Now consider any execution α'νγδ, where γ is any sequence of max-register writes with values ≥ t that excludes pi and pn. Then pn always sees the same value in r following these executions, but otherwise (starting after α'ν) we have an (n-1)-process max-register with values t through m-1.
- Omit read of r to get T(m,n) ≥ T(m-t, n-1) + 1.
We've shown the recurrence T(m,n) ≥ mint(max(T(t,n), T(m-t,n))) + 1, with base cases T(1,n) = 0 and T(m,1) = 0. The solution to this recurrence is exactly min(⌈lg m⌉, n-1), the same as the upper bound we got by choosing between a balanced tree for small m and a collect for m ≥ 2n-1. For small m, the recursive split we get is also the same as in the tree-based algorithm: call the r register switch and you can extract a tree from whatever algorithm somebody gives you. So this says that the tree-based algorithm is (up to choice of the tree) essentially the unique optimal bounded max register implementation for m ≤ 2n-1.

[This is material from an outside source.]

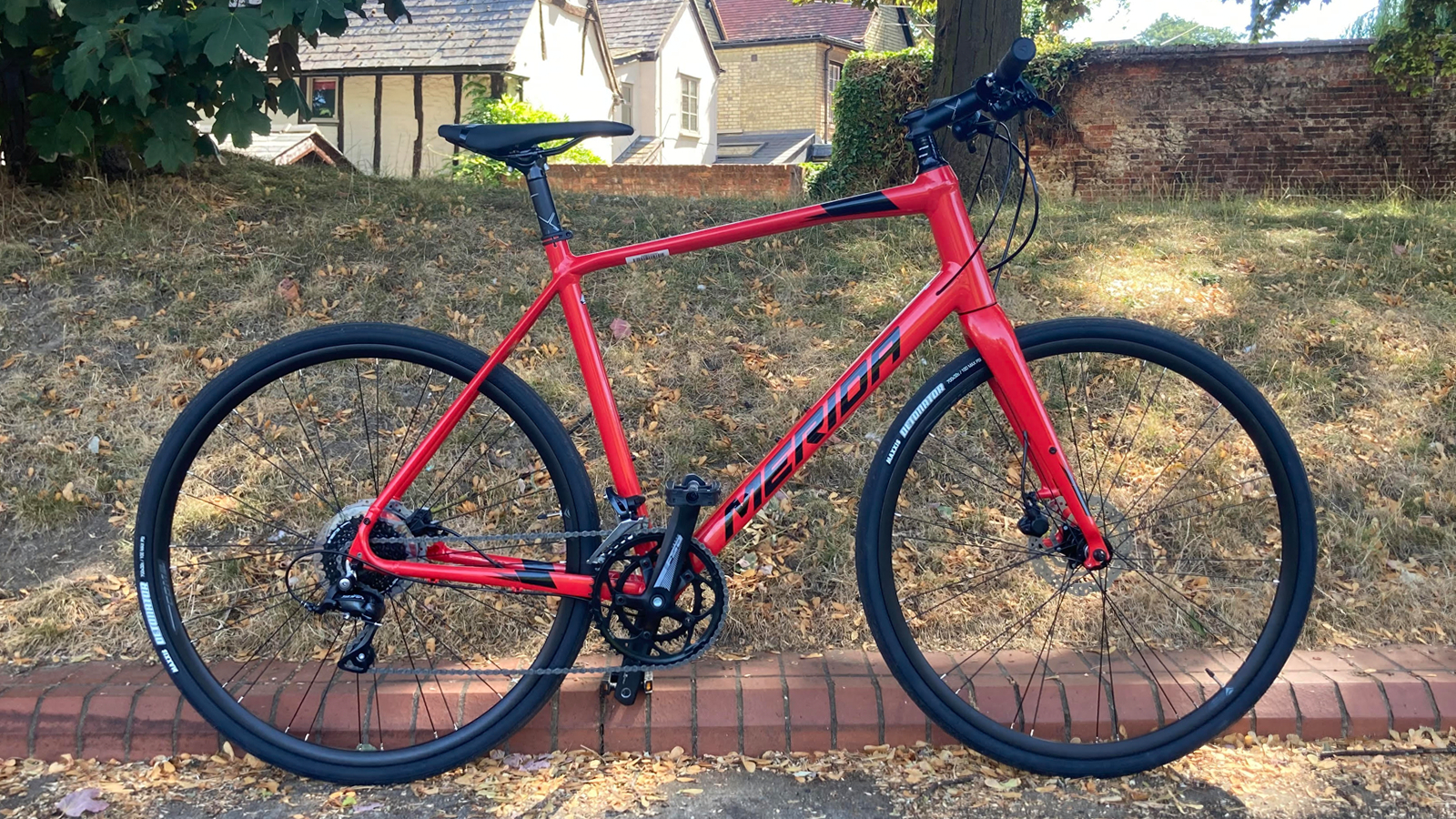 Un vélo hybride Merida se tient devant un banc d'herbe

Turn any monotone circuit into a data structure by embedding max registers everywhere; for example, we can implement a counter as a tree of 2-input adders with single-writer registers at the bottom. Anybody who updates an input to the circuit is responsible for updating all the outputs to gates on a path from that input to the root, and a reader just reads the max register at the root.

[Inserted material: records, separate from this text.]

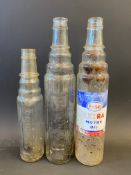 An Esso Extra quart oil bottle and two Essolube glass oil bottles.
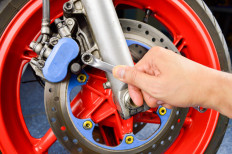 A motorcycle mechanic repairs brakes.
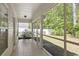 Inviting screened-in porch offering views of the fenced backyard at 680 Twinflower St., Little River, SC 29566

For a counter, an increment operation decomposes recursively like this:
- inc(left) [or inc(right) as appropriate]
output <- left + right
where read and write operations on left, right, and output are all max register operations, to avoid the possibility of lost updates from delayed incrementers. The cost of an increment to an m-valued counter is then O(log n log m), while the cost of a read is O(log m). These reduce to O(log2 n) and O(log n) if we assume m is polynomial in n.
To prove this is linearizable, pretend that all the constituent counters and max registers are atomic (which we can do if they are themselves linearizable) and construct an explicit linearization ordering as follows:
- Assign each increment the value left+right just after it increments left or right, and order the increments by these values. (Note that this is automatically consistent with the real-time ordering.)

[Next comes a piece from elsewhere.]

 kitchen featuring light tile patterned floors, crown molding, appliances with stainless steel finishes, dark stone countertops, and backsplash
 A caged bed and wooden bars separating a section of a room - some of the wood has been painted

- Assign each read the value it reads, and order the reads by the time at which they read output (also consistent with real-time ordering).
Interleave the reads and increments by putting all reads that return v just after the increment assigned v. To show this is consistent with real-time ordering, first suppose some increment is assigned v and some read starts after the increment finishes. Then the increment (because it finished) read values l' and r' from left and right that were at least as large as the value l and r when it finished its increment, and writes l'+r' >= v to output before the reader reads it. This implies the reader is ordered later. Alternatively, if a reader finishes before some increment starts, then any value stored in output before the increment starts is less than l+r (since left and right are non-decreasing and at least one is smaller than it is after the incrementer's first increment), so the reader's value is also less than l+r and it gets ordered first.
This proof breaks down for a generalized counter that allows arbitrary non-negative increments; it is possible to construct an execution where two processes increment left and right by +1 and +2 but readers see all values 0, 1, 2, and 3 (we need a third process to sneak in and read 0 from the left long before reading 2 from right, even though some faster process sees a 1 in left and a 0 in right before the +2 increment happens). For generalized counters and monotone circuits in general, we get a weaker condition called monotone consistency that is similar to the requirements for lattice agreement (see the paper for details).
An open problem is whether a stronger construction could transform any monotone circuit like this into a linearizable data structure while keeping the polylogarithmic cost bounds. One way to do this would be to find a cheap snapshot for two max registers, and use it to read the values of left and right atomically. Unfortunately, we currently don't know how to build a 2-max-register snapshot object. It may be that doing so is inherently hard, but we don't know that either.